== Task instructions ==
Starting with the line with "The final property" in the entries below and going on through the line with "Hope you guys", output every line exactly and nothing more. No pictures.

== Records supplied ==

******

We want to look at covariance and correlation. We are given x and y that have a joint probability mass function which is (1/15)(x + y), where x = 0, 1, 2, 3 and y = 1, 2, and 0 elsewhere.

******

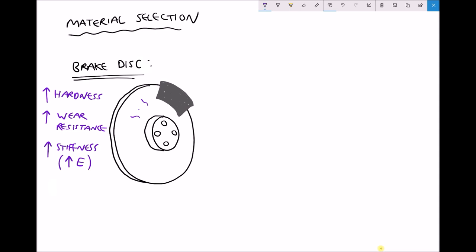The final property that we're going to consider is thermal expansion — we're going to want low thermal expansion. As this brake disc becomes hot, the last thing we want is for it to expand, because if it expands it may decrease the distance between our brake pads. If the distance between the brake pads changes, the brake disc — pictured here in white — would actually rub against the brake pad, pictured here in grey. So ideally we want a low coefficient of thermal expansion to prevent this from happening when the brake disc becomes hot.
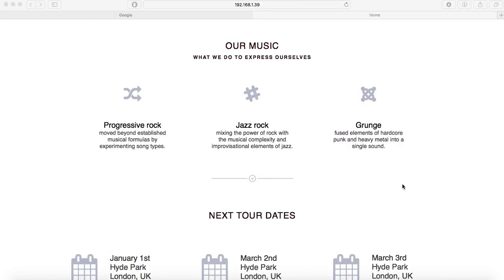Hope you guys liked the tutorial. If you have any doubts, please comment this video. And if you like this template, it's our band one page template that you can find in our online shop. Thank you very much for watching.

******

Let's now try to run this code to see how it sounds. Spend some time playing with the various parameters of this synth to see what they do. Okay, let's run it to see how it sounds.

******

== Reply to the task ==
The final property that we're going to consider is thermal expansion — we're going to want low thermal expansion. As this brake disc becomes hot, the last thing we want is for it to expand, because if it expands it may decrease the distance between our brake pads. If the distance between the brake pads changes, the brake disc — pictured here in white — would actually rub against the brake pad, pictured here in grey. So ideally we want a low coefficient of thermal expansion to prevent this from happening when the brake disc becomes hot.
Hope you guys liked the tutorial. If you have any doubts, please comment this video. And if you like this template, it's our band one page template that you can find in our online shop. Thank you very much for watching.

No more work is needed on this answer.